Yol haritamız belli, rezerv alanda konut yapımına başlayacağız. 6-8 ay içinde inşaatlara başlarız. Mali imkânlar yeterli olursa tamamına biz başlayabiliriz. Değilse kat karşılığı verip en RİSKLİ binalardakileri oraya göndererek, riskli yerleri sosyal donatı haline getireceğiz. Bir taraftan da ‘yarısı bizden kampanyası’ ile yerinde dönüştürmeyi hesaplıyoruz. ‘Cumhurbaşkanımız zorda kalırsak Kanal İstanbul çevresinde epeyce konutu kullanabiliriz’ dedi. Onu da dahil edersek 600 bin konutu yapabilecek durumda görünüyoruz. Evinden çıkmak istemeyene saygı duyacağız ama özendirici tedbirlerimiz olacak. Mahalle kültürüne uygun az katlı yapılar inşa edeceğiz.

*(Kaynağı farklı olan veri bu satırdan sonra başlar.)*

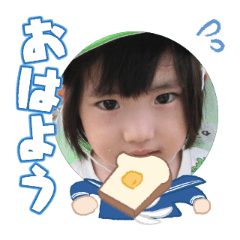 Uchinoko stamp_2025102036006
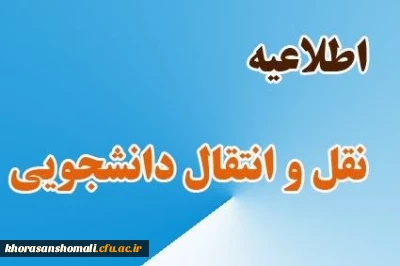 قابل توجه دانشجویان متقاضی میهمانی و انتقال موقت جهت سال تحصیلی 1402-1401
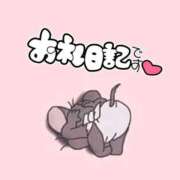 ヒメ日記 2025/11/07 19:53 投稿 かてぃ BLUE BIRD (ブルーバード) 上越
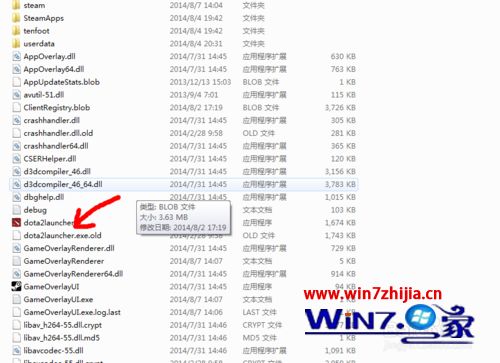 Win7系统更新data2出现“launcher out of date”如何解决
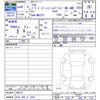suzuki solio 2024 CFJ1815262 image 3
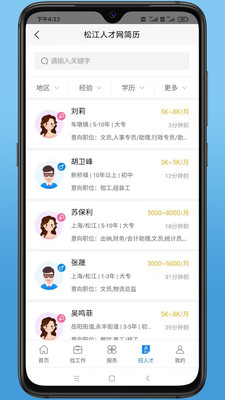 松江人才网招聘信息网官方网站手机版图3:
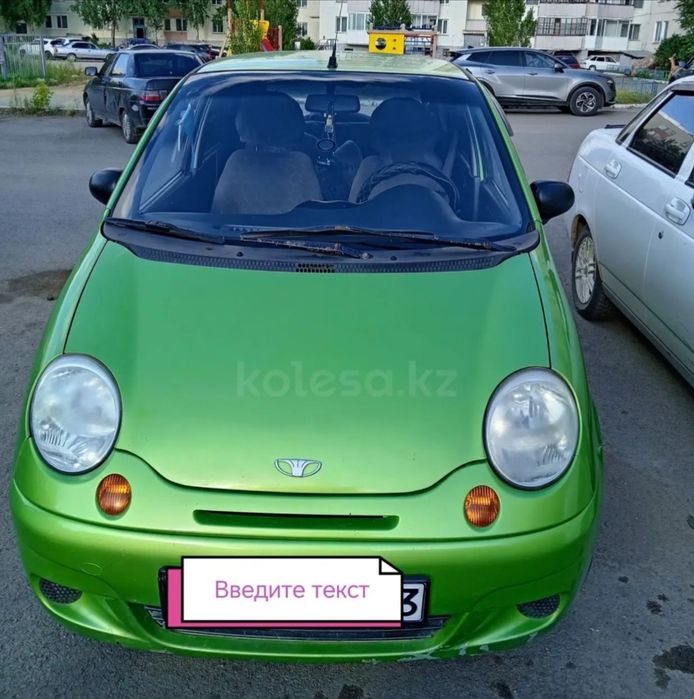 Продам Део матиз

Maliye çalışma yapıyor, ek vergilerle bütçeyi genişletmeye çalışıyor. Biz kurumlar olarak ne kadar imkân ve kabiliyet varsa bu bölgeye sevk etmeye çalışıyoruz. Yurtdışında da görüşmeler yapılıyor. Birleşik Arap Emirlikleri yardımcı olmak istediğini söyledi. Onları da kullanacağız, bir de hayırseverlerin bağışları var. Elimizde ne imkân varsa yurtiçi yurtdışı hepsini burada kullanmak istiyoruz, başka çaremiz yok, altından kalkılamayacak bir rakam var.
Kentsel dönüşümde maliklerin hisseleri oranında en az üçte iki (2/3) çoğunluk ile karar alması gerekiyor. Bu oran konusunda bir yasal değişiklik olacak. Şu anda kentsel dönüşüm yapılan yerlerde yüzde 65 evet demişse yıkma hakkına sahipsiniz. Çıkacak yasa ile İstanbul’da bunu yüzde 50’ye düşüreceğiz.
Son dönemde inşaat sektöründe işçi krizi yaşanıyor. Bu sorunun çözümü için de adım atıldı. İnşaat sürecinde malzemeden yana sıkıntı olacağını sanmıyorum. Türkiye’de inşaat sektörü güçlü. Ama işçilikten yana sıkıntı doğacak gibi görünüyor. İstanbul’da bile inşaatlarda usta sıkıntıları olduğunu duyuyoruz. MEB ile anlaşıp kısa süreli bir sertifika programı vererek, o bölgede açığı gidermek üzere yeni imkânlar sağlayacağız.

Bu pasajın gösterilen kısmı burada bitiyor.